Statistically, some businesses are more prone to fraud, like: businesses who accept payments online when there is no physical person there to verify as the proper card owner, or
Statistically, some business are more likely to have chargebacks, like: businesses who auto-enroll customers into monthly payments after their first purchase
Statistically, some business models are more likely to have chargebacks, like: businesses whose services are subjective in quality .. “I purchased a website from this guy, but I don’t like it at all.”
These are some of the reasons why a business might be called “high risk” and, as a matter of fact, they simply have more chargebacks and more fraud.
It doesn’t make them bad or wrong – just more risky for a merchant account provider to let them wield the power of credit.
So then… What’s a High Risk Merchant Account?
A high-risk merchant account is a payment processing account designed to accommodate businesses that, statistically, are financially less predictable, overly prone to disputes/chargebacks and pose an elevated degree of potential loss to the merchant service provider and bank that supplies them with the technology & infrastructure to accept payments.
When we talk about getting a high risk merchant account, all that really means is finding a company who will give your business the tools it needs to accept credit card payments from your customer, whether in-person or online.
Pro tip: You want this to be a strong partnership. One where the MSP knows your business intimately, and you have a strong relationship with the MSP as well.
When a merchant service provider (also commonly referred to as a merchant account provider, credit card processor, or simply merchant processor) partners with a business, it serves a few primary purposes:
In order to provide these services for business owners, MSPs charge fees. No news there. And when merchants are in the high-risk categories, the fees are higher.
Take car insurance for example, if you have a history of getting into a lot of accidents and you drive a really expensive car your insurance fees will be higher than average.
The same goes with merchant accounts. If your business, industry or marketing model is considered “high risk” you will have more limitations, fees, etc. when it comes to payment processing.
So… If high risk merchant accounts are more expensive, why choose one?
Let’s talk for a second about the benefits of high risk merchant accounts.
As a business owner a seemingly logical enough question to ask yourself now is “why would I choose an account when I know the fees are going to be higher?”
The best way to answer that question is with this question: How long could your business survive without the ability to accept payments other than cash or check?
In addition to mitigating risk for the merchant account provider, high risk merchant accounts insulate YOU from business risks as well.
Most business owners are unaware of this fact (or completely ignorant to high-risk vs. low-risk in the first place) and will simply choose an MSP that is fast to get setup on and has low fees, like Paypal.
Sounds great, but the problem is really what happens when (not if, but when) something in your day-to-day business operations (or your industry or marketing model at large) flags their system.
And the next thing you know your account is frozen, or closed.
You’re unable to accept credit card payments for a day. Maybe 2 days. Maybe a week. Maybe longer.

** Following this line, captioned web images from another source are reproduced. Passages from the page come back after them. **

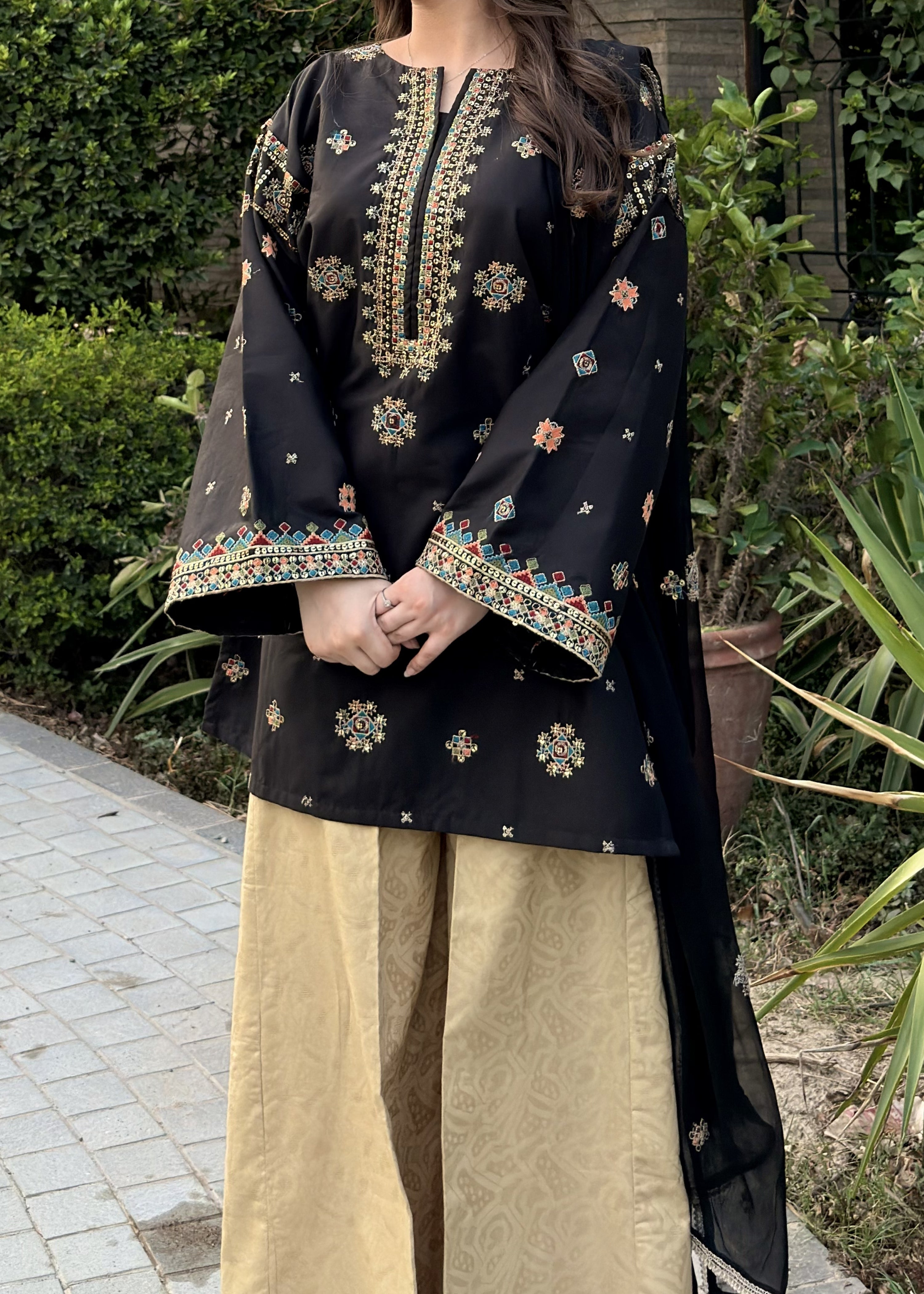 cambric Kurta Set in Black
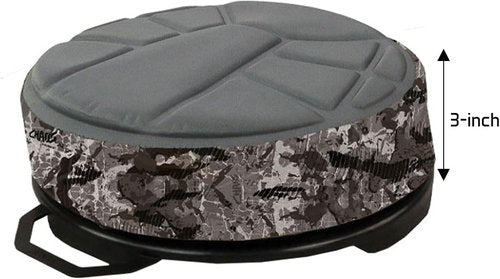 Hawk Memory Foam Bucket Top Seat - Silent Lightweight Comfortable Swiveling Portable Camo Chair for Camping, Hunting, Fishing | Easily Mounts to 2.5-7 Gallons Bucket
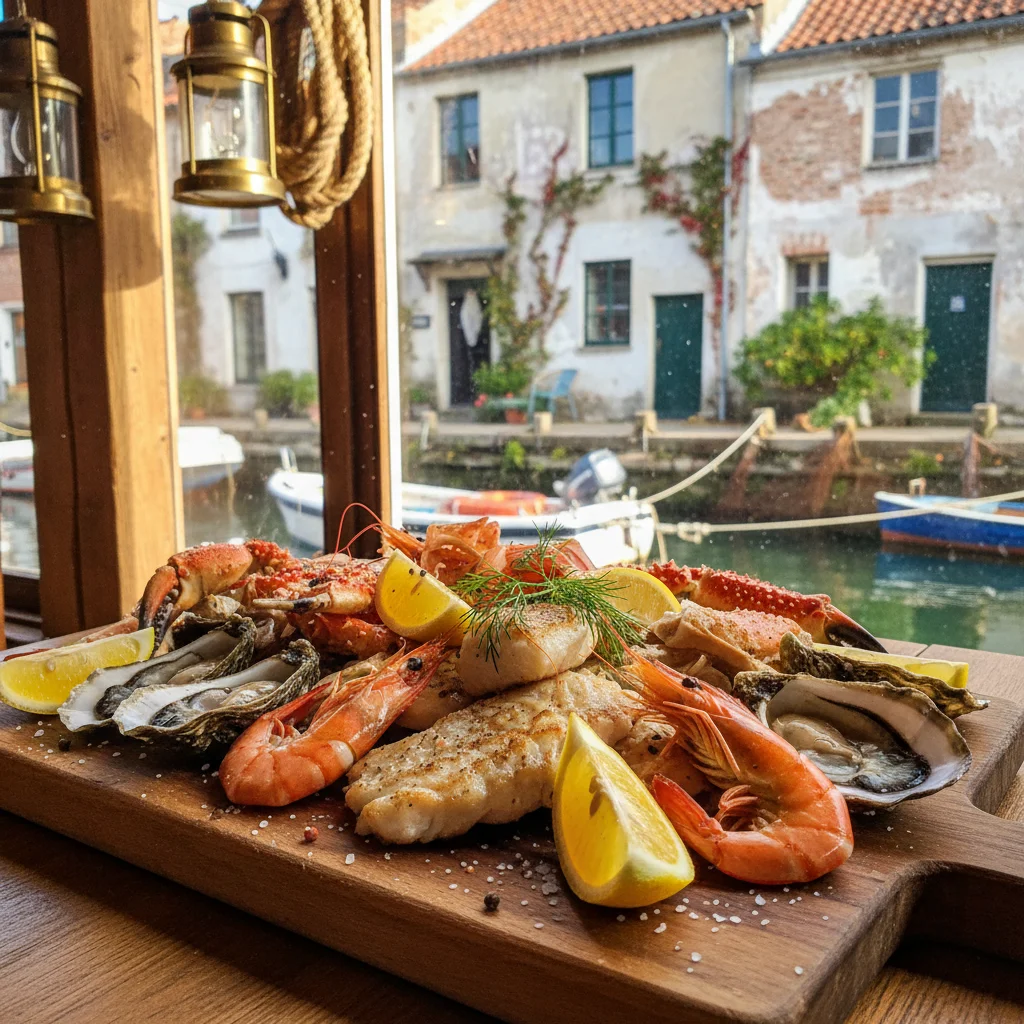Fischgericht in einem Göteborger Restaurant mit frischen Meeresfrüchten und Westküsten-Kräutern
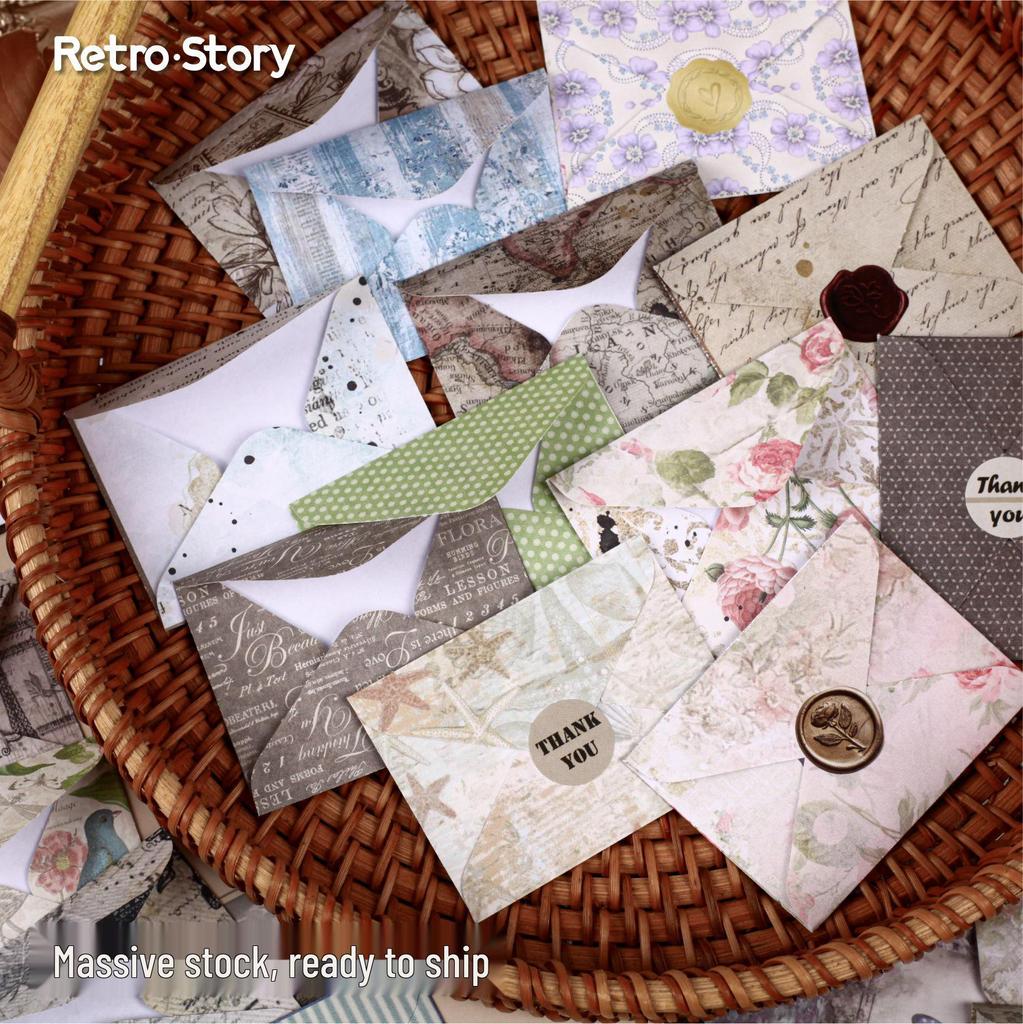 Мини-серия почтовых отправлений RetroStory: 20 Листов Креативных Декоративных Наклеек и Конвертов для Коллажа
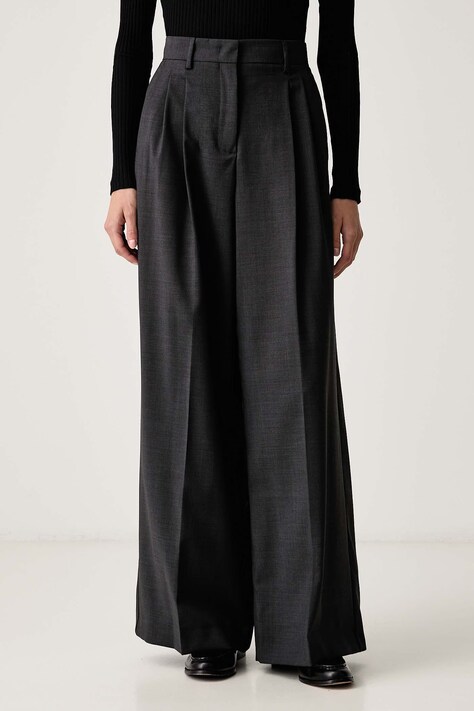 Weekend Max Mara Spodnie damskie wełniane WKDADELFI szare high waist 2625136032600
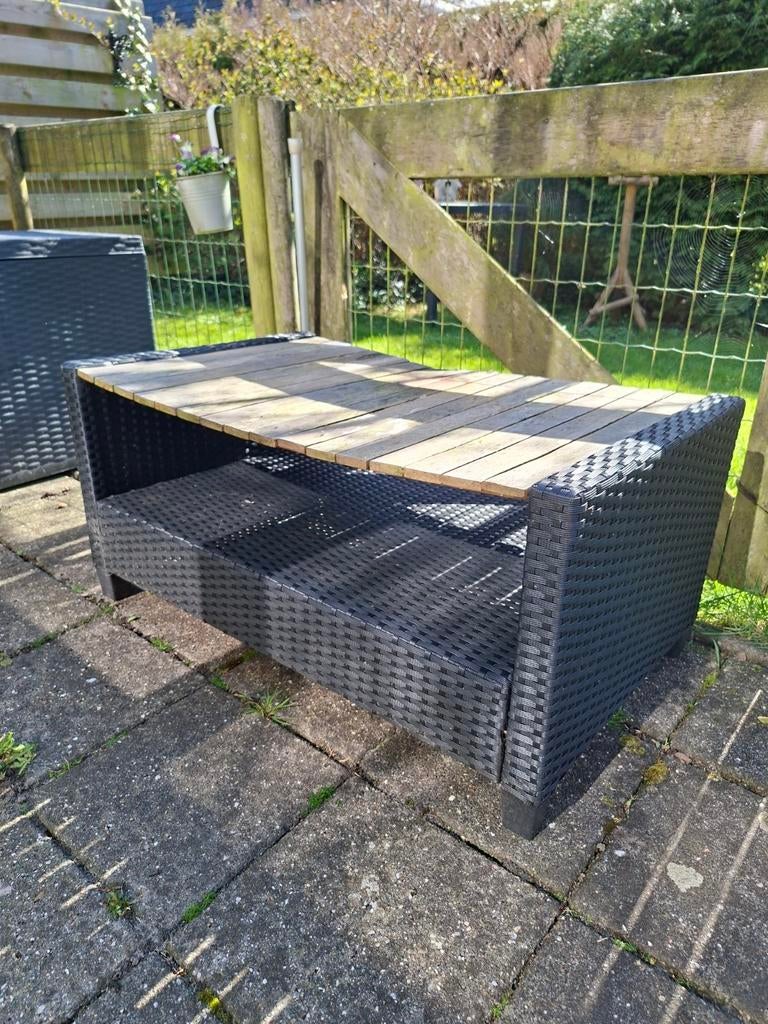 Salontafel voor buiten., Tuin en Terras, Tuintafels, Ophalen, Gebruikt, Rechthoekig, Wicker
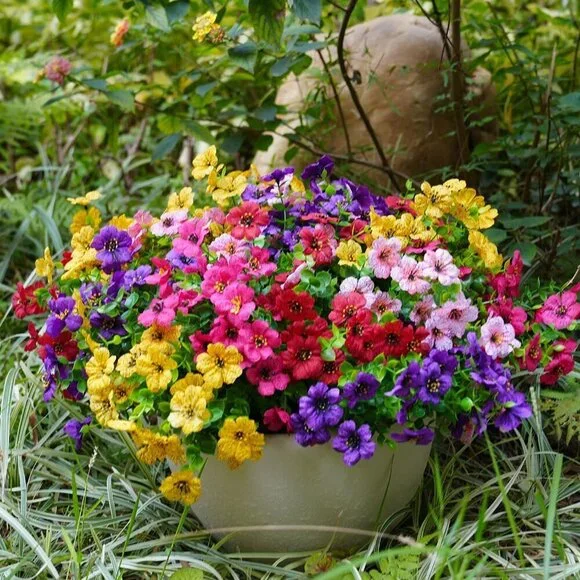 Artificial Flowers for Outdoor, 20 Bundle UV Resistant Fake Silk Flowers, Realis - Picture 6 of 7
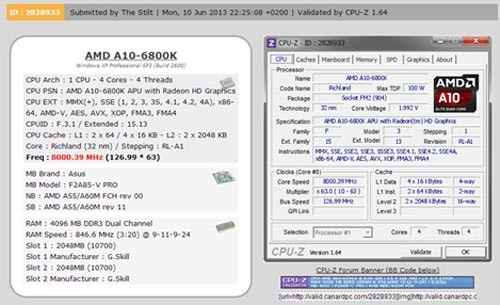 突破8GHz!华硕F2A85-V PRO超频创纪录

Your only recourse is to hop on chat support with someone from India who clearly doesn’t know or care what is going on, and hope that they’ll have the authority to turn your account back on (good luck).
So the real benefits of choosing a high risk merchant account provider (when your business is in fact on the risk spectrum) is that they prepare for all of this before your account is created.
Note: If you're a smaller business, or just getting started, you may want to check out our recommendations for the best credit card processors for small business.
First let’s clear up a very common misconception that 99% of high-risk business owners make. The mistake is opening an account with a company like Paypal, Stripe or Square and thinking they have a merchant account – after all you can accept payments, right?
These companies allow you to use their merchant accounts. They are called merchant account aggregators. They know nothing about your company: what you sell, how you sell it, how you deliver it, if you deliver it.
They bank on the idea that if someone is committing fraud, they can simply shut down the account and freeze your money – happens every day. They let you set up accounts fast, and shut them down even faster.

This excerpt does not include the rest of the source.